>>>

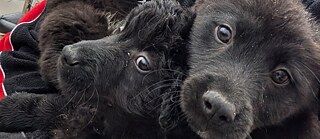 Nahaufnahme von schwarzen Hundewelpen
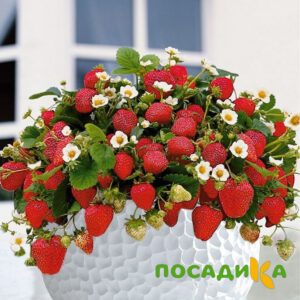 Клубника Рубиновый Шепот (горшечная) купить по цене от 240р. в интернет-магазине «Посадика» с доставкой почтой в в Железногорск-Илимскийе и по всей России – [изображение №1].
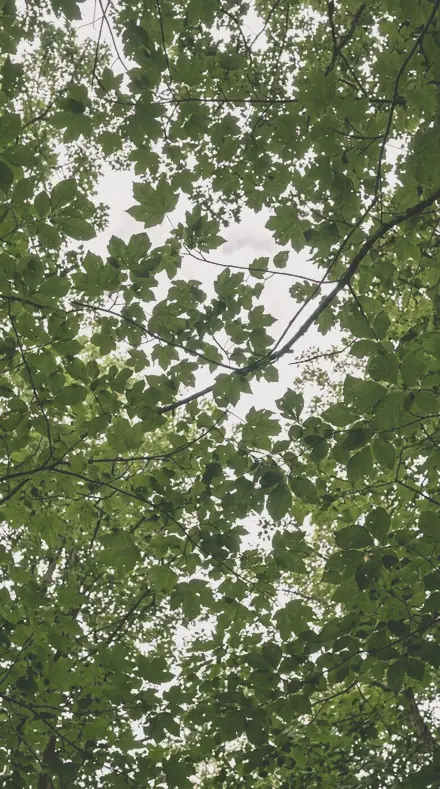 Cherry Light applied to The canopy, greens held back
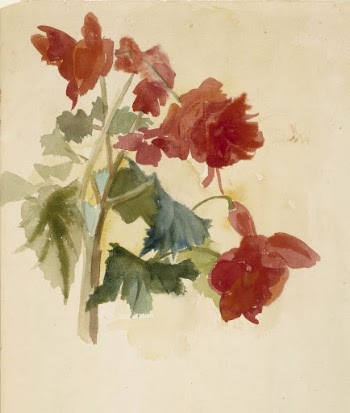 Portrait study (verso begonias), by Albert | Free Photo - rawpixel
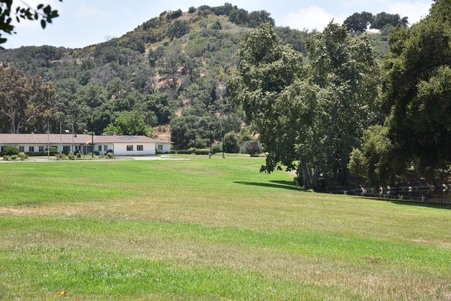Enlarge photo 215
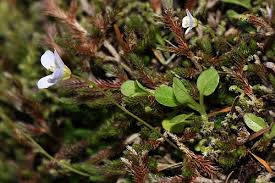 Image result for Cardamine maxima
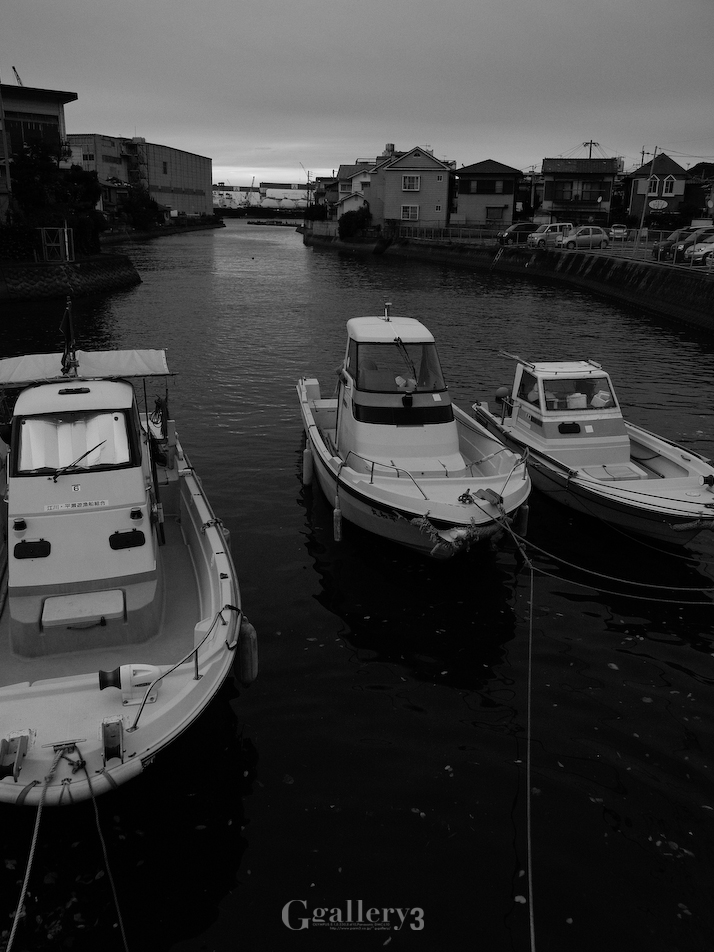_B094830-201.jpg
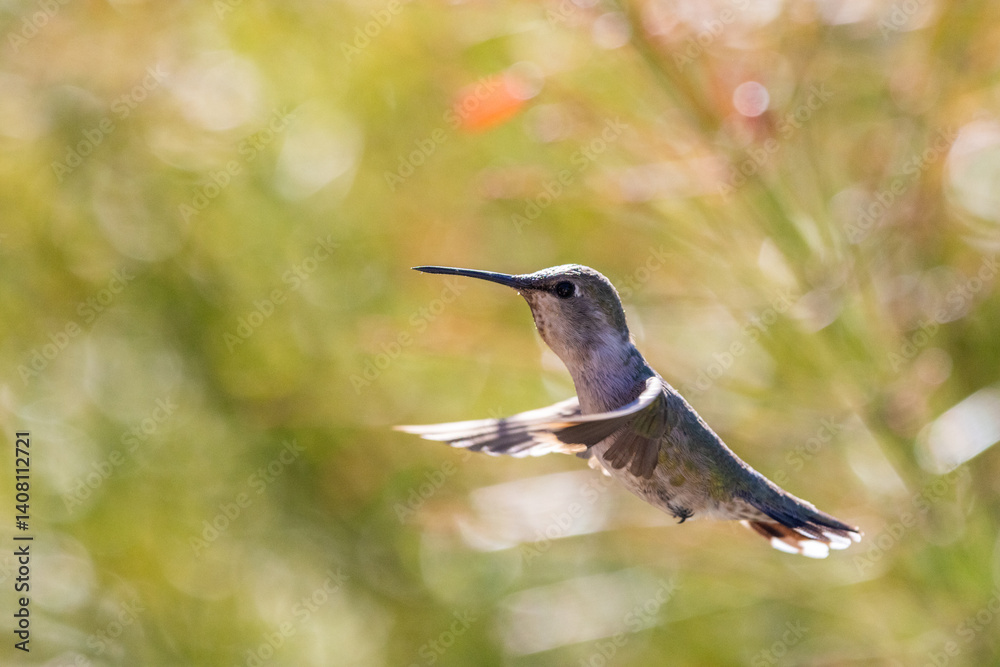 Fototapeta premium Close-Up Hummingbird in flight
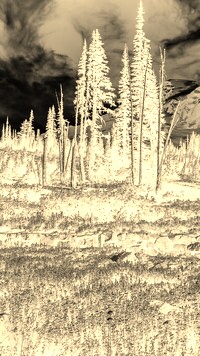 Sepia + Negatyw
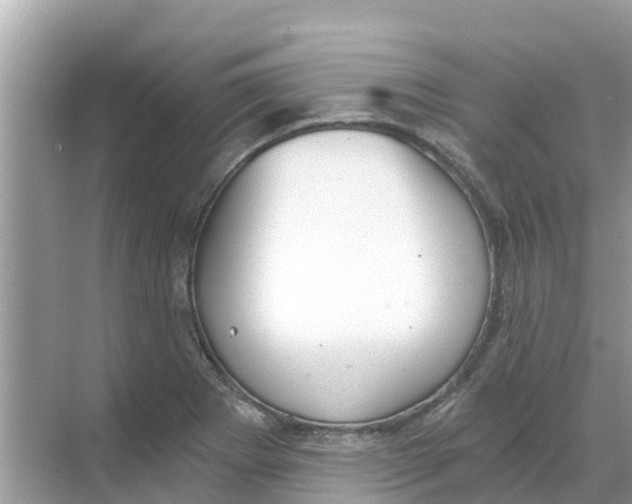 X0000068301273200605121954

<<<

» What this task involves
Lines from the one containing "Enlarge photo 215" through the end of the listing, both included, are to be restated exactly, and pictures are to be left out.

» Response to the exercise
Enlarge photo 215
 Image result for Cardamine maxima
_B094830-201.jpg
 Fototapeta premium Close-Up Hummingbird in flight
 Sepia + Negatyw
 X0000068301273200605121954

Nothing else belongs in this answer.